Speaking at the opening session of its corporate strategy retreat the FIRS boss said a total of N2trn is expected from Value Added Tax (VAT); N1.87trn from Companies Income Tax, N800bn from Petroleum Profit Tax, N180bn from Education Tax and N20bn from the National Information Technology Development Fund.
He said, “We have proposed a revenue target of N4.957trillion for 2016. This target is largely dependent on non-oil collections; in particular, VAT will account for N2trn and CIT is expected to account for N1.87trn.
“Between them, these two taxes are expected to provide almost 80 per cent of our collection in 2016. We therefore have our work cut out and there is no room for complacency.”
On the revenue performance of the service for the 2015 fiscal period, the FIRS boss said the service was able to generate a total of N3.74trn out of its target of N4.57trn.
For VAT, he said the sum of N767.33bn was generated out of a revenue target of N1.28trn.
He said out of a target N1.48trn for PPT, the service was able to generate N1.28trn while in the area of CIT, the service collected N1.29tn from the target of N1.51trn.
He said, “The above performance is clearly unacceptable and is not a reflection of our capacity. I am particularly not pleased with the very poor VAT collection, which, based on my previous experience at the state level in the administration of tax similar to VAT, should be high yielding and easy to collect.
“Even the relative good performance of CIT is buoyed by the fact that an initiative directly overseen by my office in the last three months of 2015 accounted for a collection of over N122bn, without which the performance for CIT would have been less than 85 per cent.”
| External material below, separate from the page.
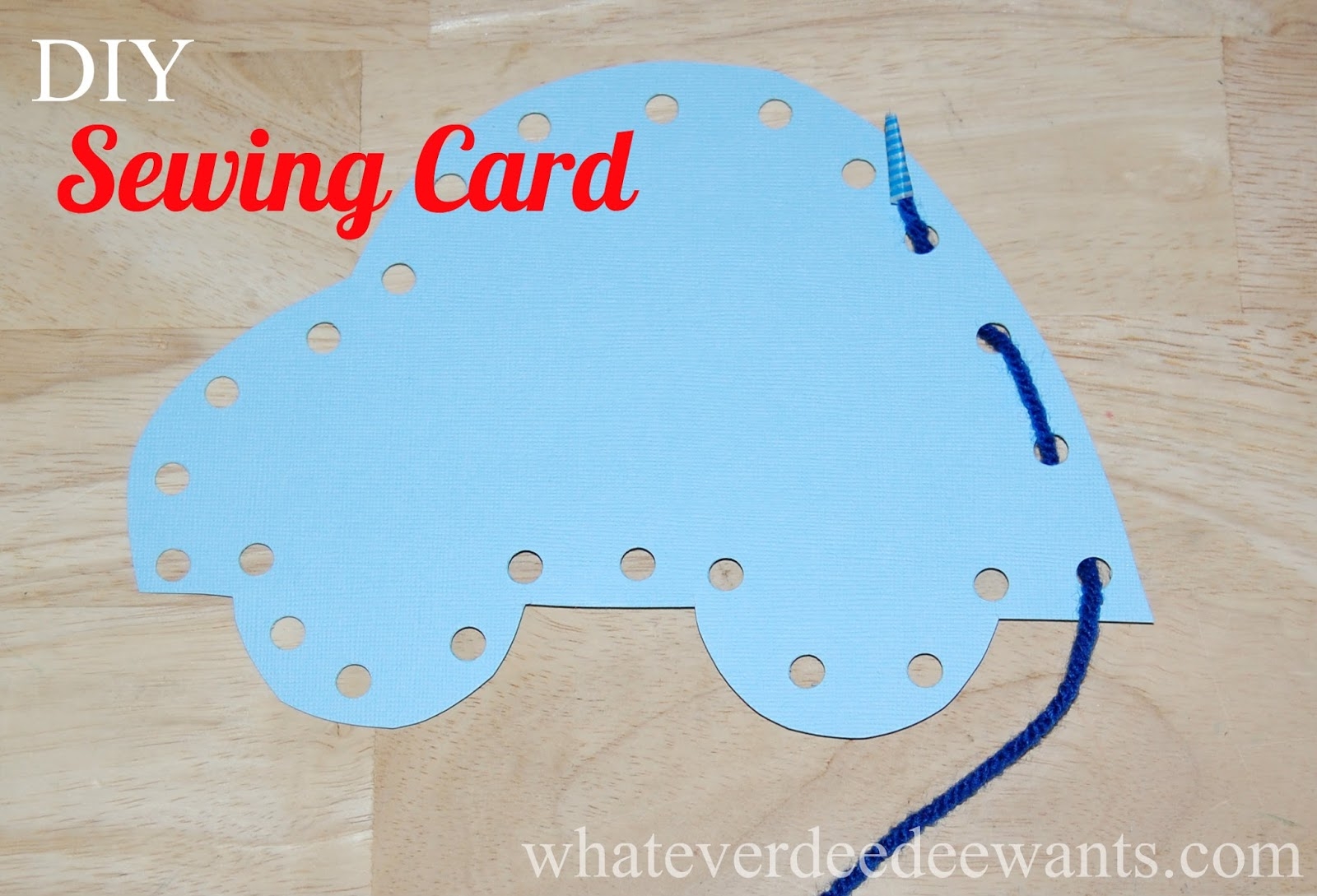 Whatever Dee Dee Wants She s Gonna Get It DIY Kids Sewing Card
He said owing to the fact that the level of voluntary tax compliance was still low, the service had introduced a number of initiatives aimed at improving compliance to about 90 per cent.
He said that, as part of efforts to reduce complacency, the service had introduced a performance management strategy to ensure that it meets its target.
He said, “As part of this enhanced performance system, we have increased the threshold for payment of performance bonuses from 60 per cent to 70 per cent.
“It is our expectation that you will not only meet, but surpass this 70 per cent threshold because if we meet only 70 per cent of our target, then government will be unable to fund the 2016 budget.”
In his remarks at the event, the minister of Budget and National Planning, Udo Udoma said the reforms being carried out in agencies of government had provided a platform to generate additional revenue from non-oil sources.
He said the country had yet to take advantage of its size as the largest economy in Africa to generate enough revenue from non-oil sources, as Nigeria’s tax to Gross Domestic Product ratio is still below global average.